-- ENTRIES SHOWN follows --

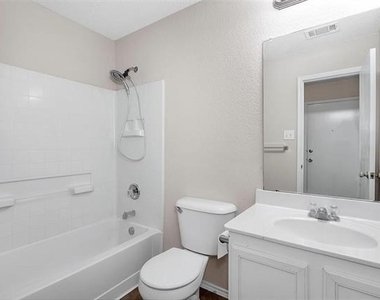 2152 Laughlin Road - Photo Thumbnail 21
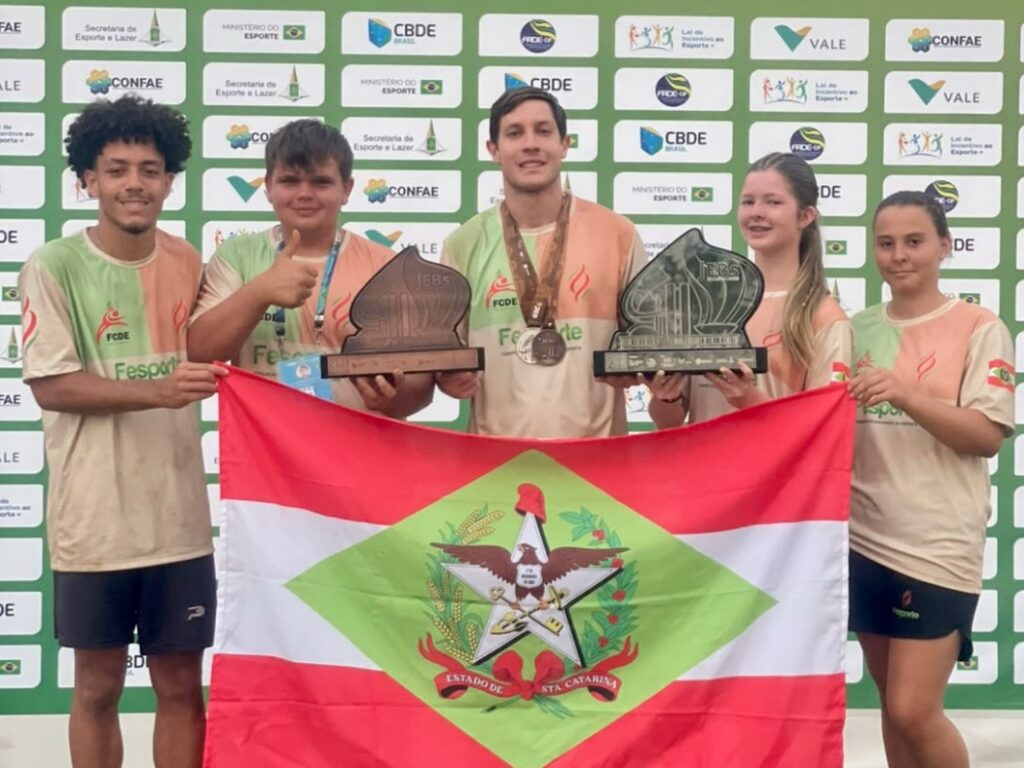 Atletas de Pomerode participam dos Jogos Escolares Brasileiros em Brasília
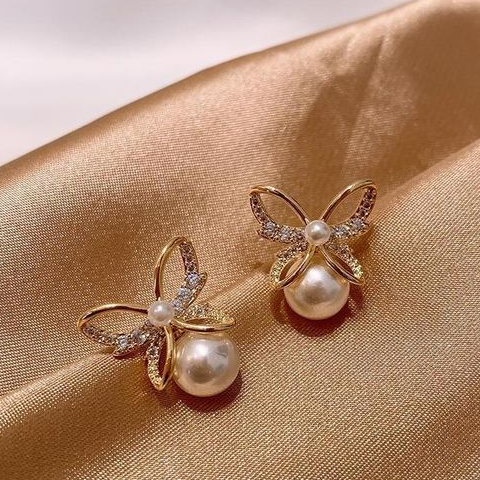 Elegant Butterfly Pearl Earrings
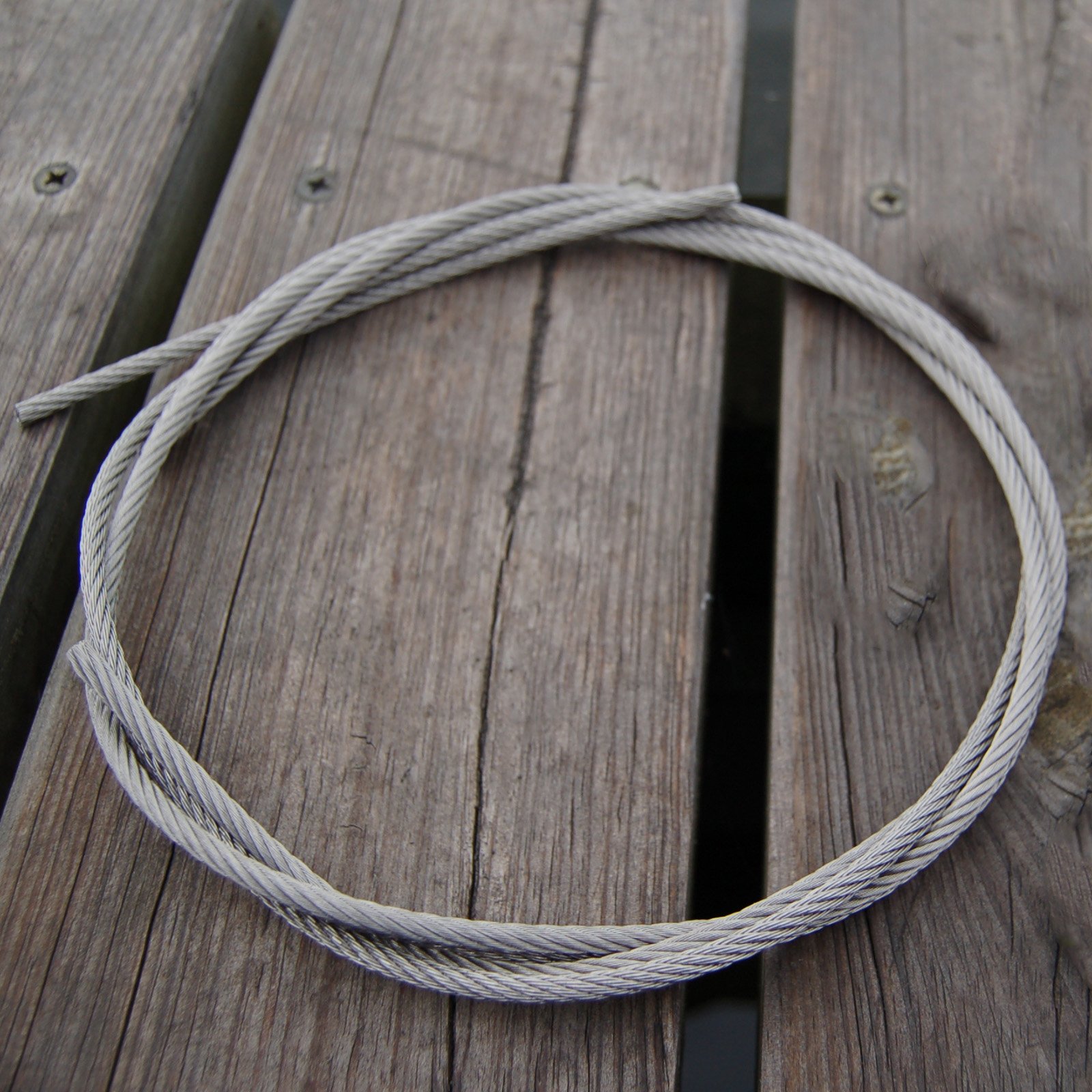 OPIOLQUALITY 2,5 Mm Drahtseil 7x7 Aus Edelstahl A4 (V4A) – 100 Meter, Mittelweich, Für Geländer, Boote & Hängeprojekte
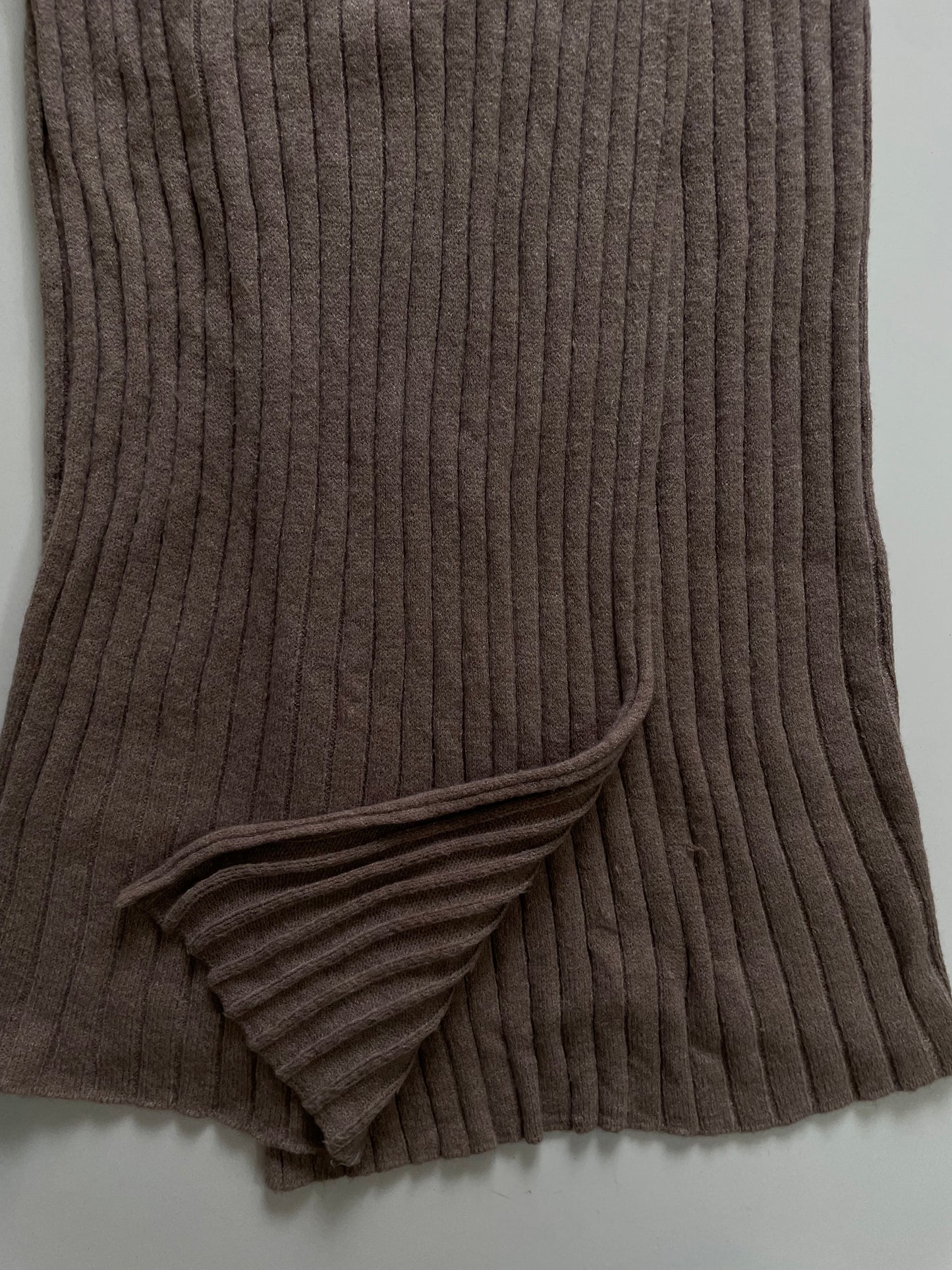 SUPER SOFT WOOLLEN SKIRT - BUST 24 TO 32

-- ENTRIES SHOWN concluded --

WORK TASK >> Leaving images out, please output every line of the data exactly.

ANSWER SPACE >>
 2152 Laughlin Road - Photo Thumbnail 21
 Atletas de Pomerode participam dos Jogos Escolares Brasileiros em Brasília
 Elegant Butterfly Pearl Earrings
 OPIOLQUALITY 2,5 Mm Drahtseil 7x7 Aus Edelstahl A4 (V4A) – 100 Meter, Mittelweich, Für Geländer, Boote & Hängeprojekte
 SUPER SOFT WOOLLEN SKIRT - BUST 24 TO 32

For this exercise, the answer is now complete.